Nothing but the lines below from the one that contains "Firemen trying to" through the one that contains "Car being hand-washed" should be retyped, exactly and including both ends. Do not include pictures.

### DATA FOR THIS TASK
Start of Block

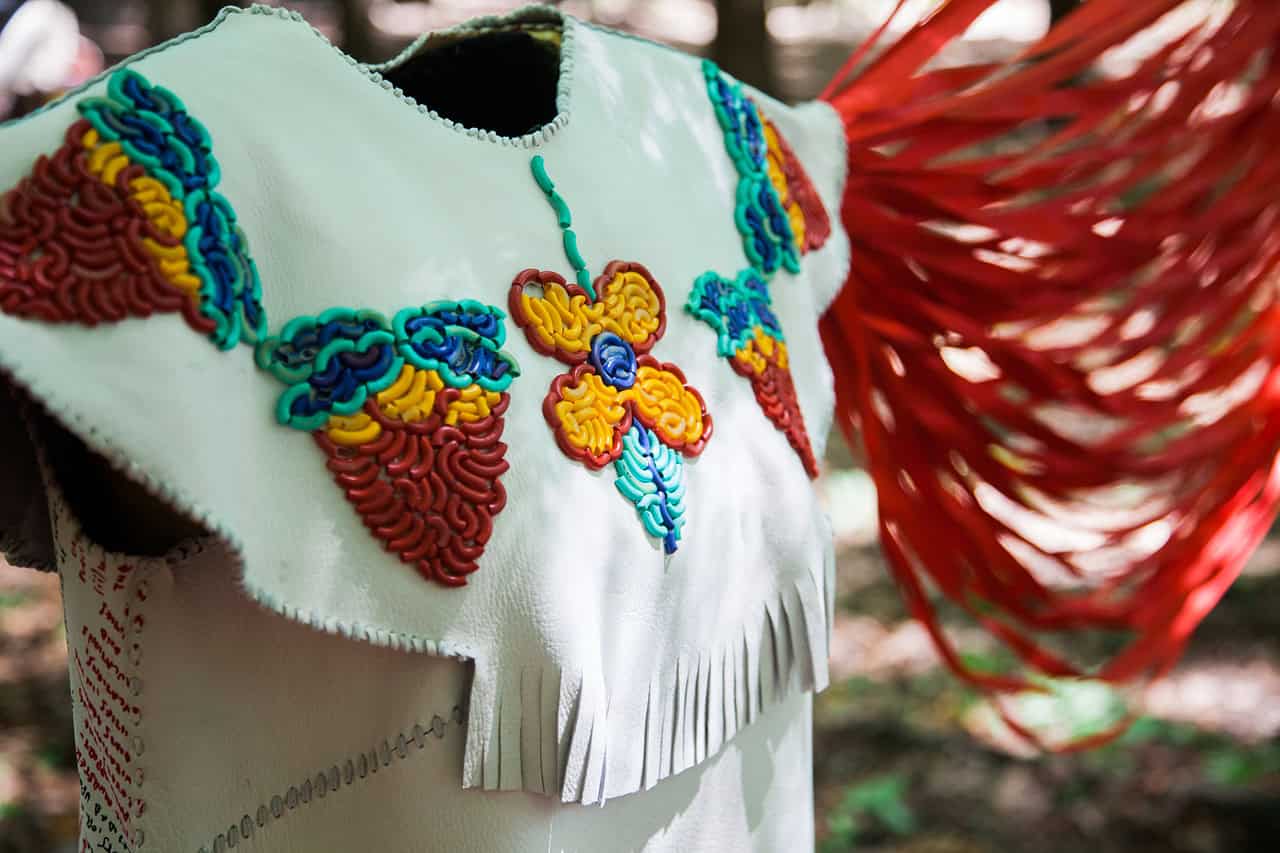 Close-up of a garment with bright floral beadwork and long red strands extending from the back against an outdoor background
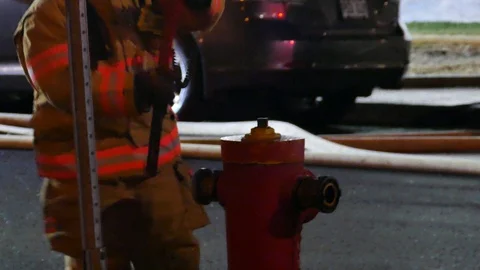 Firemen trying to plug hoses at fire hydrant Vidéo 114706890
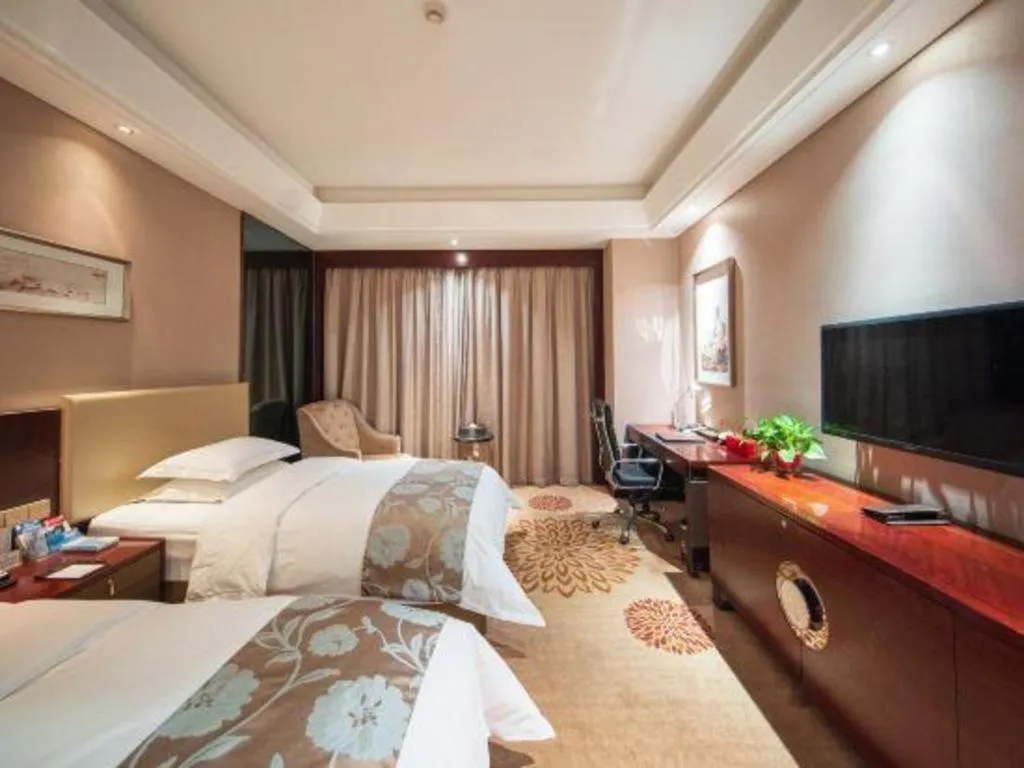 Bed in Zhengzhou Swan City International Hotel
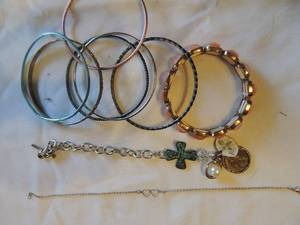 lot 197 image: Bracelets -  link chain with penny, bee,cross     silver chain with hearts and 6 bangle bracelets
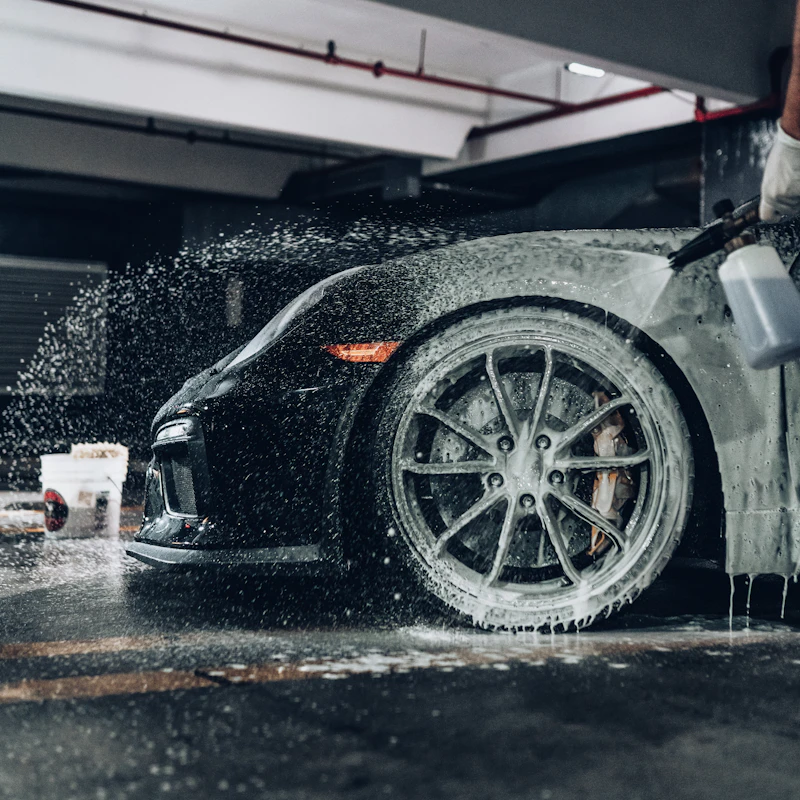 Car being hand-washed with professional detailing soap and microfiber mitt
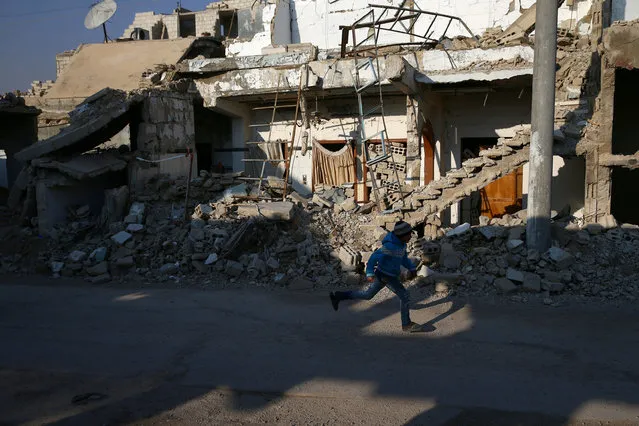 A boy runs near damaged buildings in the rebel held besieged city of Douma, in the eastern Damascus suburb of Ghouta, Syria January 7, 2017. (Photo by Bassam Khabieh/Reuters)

End of Block

### RESPONSE FOR THIS EXERCISE
 Firemen trying to plug hoses at fire hydrant Vidéo 114706890
 Bed in Zhengzhou Swan City International Hotel
 lot 197 image: Bracelets -  link chain with penny, bee,cross     silver chain with hearts and 6 bangle bracelets
 Car being hand-washed with professional detailing soap and microfiber mitt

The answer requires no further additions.